Le CPA est heureux que le gouvernement dépose à nouveau le projet de loi S-2 au sujet des biens immobiliers matrimoniaux. Ce projet de loi corrige une carence de longue date et protégera mieux les droits des Autochtones, en particulier ceux des femmes qui vivent dans les réserves. Depuis des années, nous demandons un régime efficace en matière de biens immobiliers matrimoniaux dans les réserves. Depuis des années, les Autochtones des réserves, et en particulier les femmes autochtones, sont victimes d'une discrimination injuste et inconstitutionnelle et ne peuvent pas obtenir une juste part des biens immobiliers matrimoniaux après l'éclatement du mariage ou de l'union de fait. Selon nous, le projet de loi est un pas dans la bonne direction pour que les femmes et les enfants autochtones reçoivent une part équitable des actifs dans les cas de divorce, de séparation, de violence familiale ou de décès.

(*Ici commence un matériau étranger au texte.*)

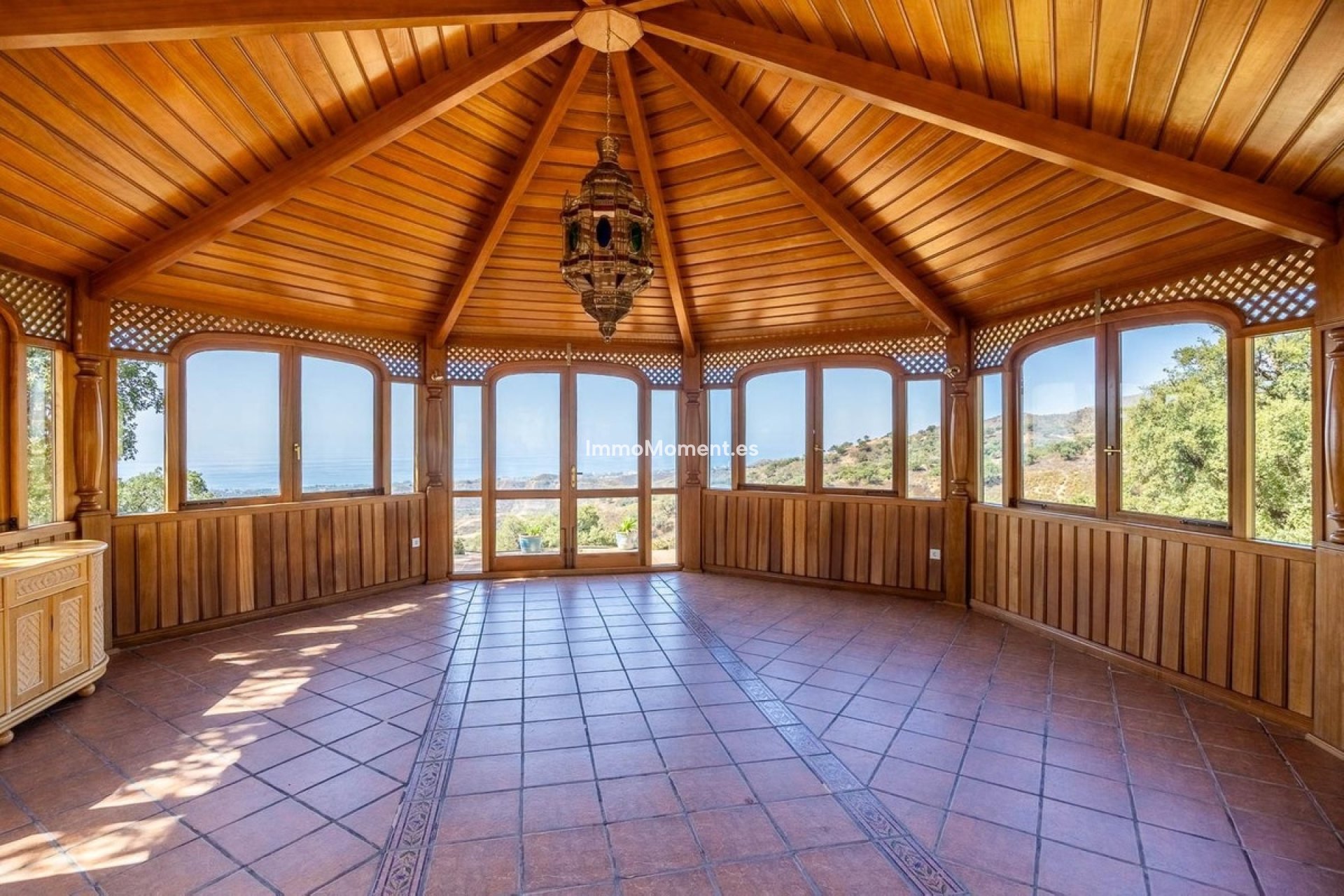 Revente - Villa individuelle - Marbella - Marbella Centro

Le congrès n'a jamais accepté la Loi sur les Indiens; nous luttons depuis longtemps contre cette loi. En 1974, avec l'appui financier de notre organisation, Jeannette Corbiere Lavell a été la première femme qui n'était pas une Indienne inscrite à contester la Loi sur les Indiens devant les tribunaux. Aujourd'hui, nos femmes continuent de souffrir de discrimination en raison de la Loi sur les Indiens, mais grâce aux vaillants efforts de personnes comme Sharon McIvor, Sandra Lovelace Nicholas et bien d'autres encore, nous minons petit à petit cette loi.

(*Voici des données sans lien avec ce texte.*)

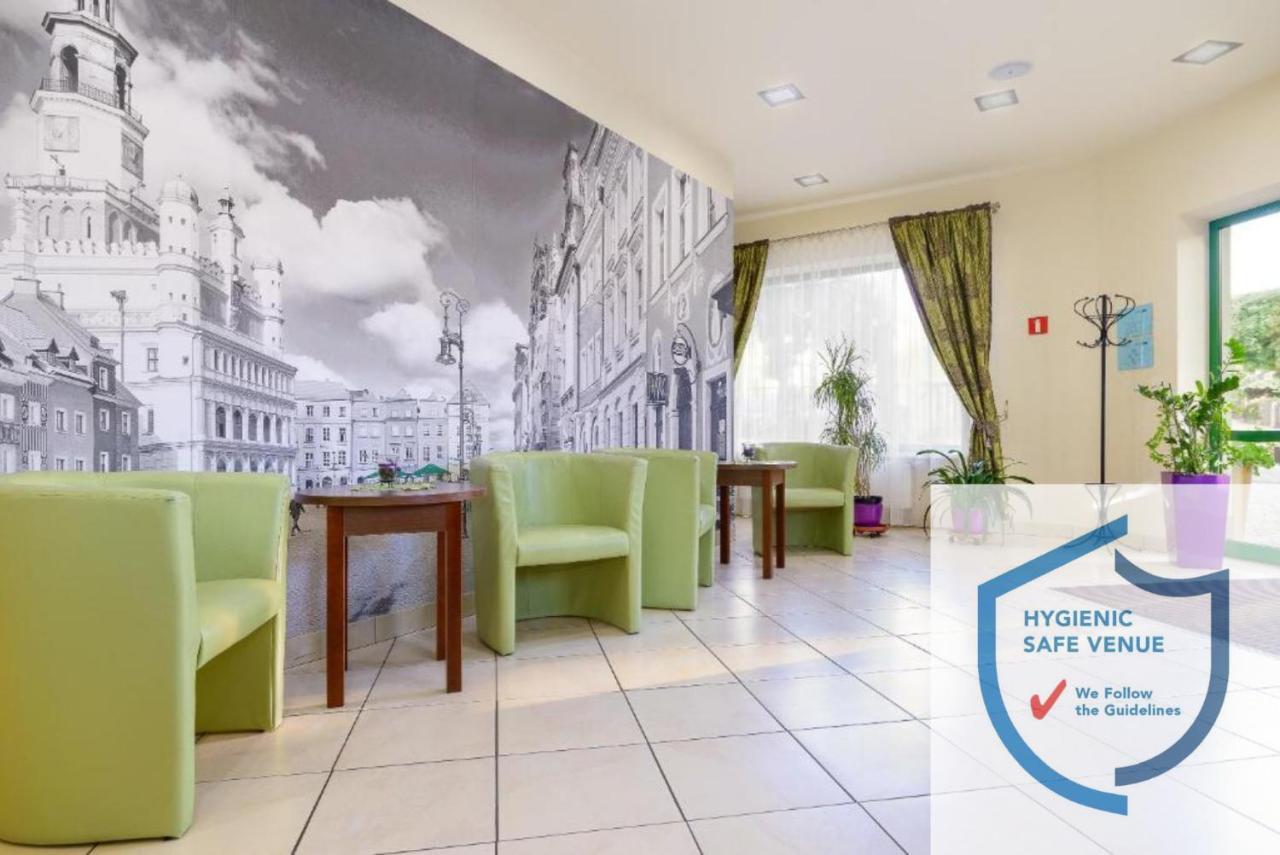 Hotel Zielony Poznan Exterior photo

Je suis une Indienne inscrite en vertu du paragraphe 6(2). Aux termes de la loi, mon fils ne peut pas être inscrit au registre des Indiens. Nous sommes classés comme du bétail ou des qualités de bœuf. C'est une discrimination éhontée, et la lutte contre cette discrimination est une des grandes priorités du CPA.

En janvier dernier, le Canada a promulgué le projet de loi C-3, la Loi sur l'équité entre les sexes relativement à l'inscription au registre des Indiens. C'est la conséquence directe de l'affaire McIvor, qui a cheminé pendant 20 ans devant les tribunaux. En raison de la faible portée de cette loi, la discrimination sexuelle demeure dans les dispositions relatives à l'inscription au registre. Les descendants de femmes indiennes qui avaient perdu leur statut à la suite d'un mariage n'ont pas tous été inscrits au registre des Indiens. La première génération était visée par le projet de loi C-31, en 1985, et la deuxième, par le projet de loi C-3 déposé cette année, mais les générations précédentes n'ont toujours pas retrouvé leur statut indien, et la seule façon d'éliminer toute discrimination sexuelle dans la Loi sur les Indiens consiste à considérer les descendants de femmes indiennes inscrites au même titre que ceux des hommes. Aujourd'hui, les femmes autochtones ne sont toujours pas considérées sur le même pied pour ce qui est de la transmission du statut d'Indien. En raison de cette discrimination, des milliers de leurs descendants sont encore oubliés. Parce que cette discrimination de longue date contre les femmes autochtones n'est toujours pas réglée, Sharon McIvor a déposé une plainte contre le Canada devant le Comité des droits de l'homme de l'ONU.

Un problème connexe découle des règles d'inscription établies par la Loi sur les Indiens après 1985 et de leur application dans les cas de paternité non reconnue. En 1985, le Canada a remplacé la règle de descendance d'un parent, qui favorisait les hommes indiens, par un nouveau régime appelé règle d'inadmissibilité de la seconde génération. Maintenant, que vous soyez de sexe masculin ou de sexe féminin, la reconnaissance du statut d'Indien n'est accordée à une personne de parentage mixte que pour une génération. Après la deuxième génération de parentage mixte, une personne ne peut plus être inscrite au registre des Indiens. Par conséquent, aujourd'hui, lorsqu'une Indienne inscrite ne révèle pas l'identité du père de son enfant, l'enfant est inscrit uniquement en raison du statut de sa mère. De 1985 à 1999, cette mesure a entraîné le déclassement ou la perte pure et simple du statut d'Indien pour environ 50 000 enfants indiens.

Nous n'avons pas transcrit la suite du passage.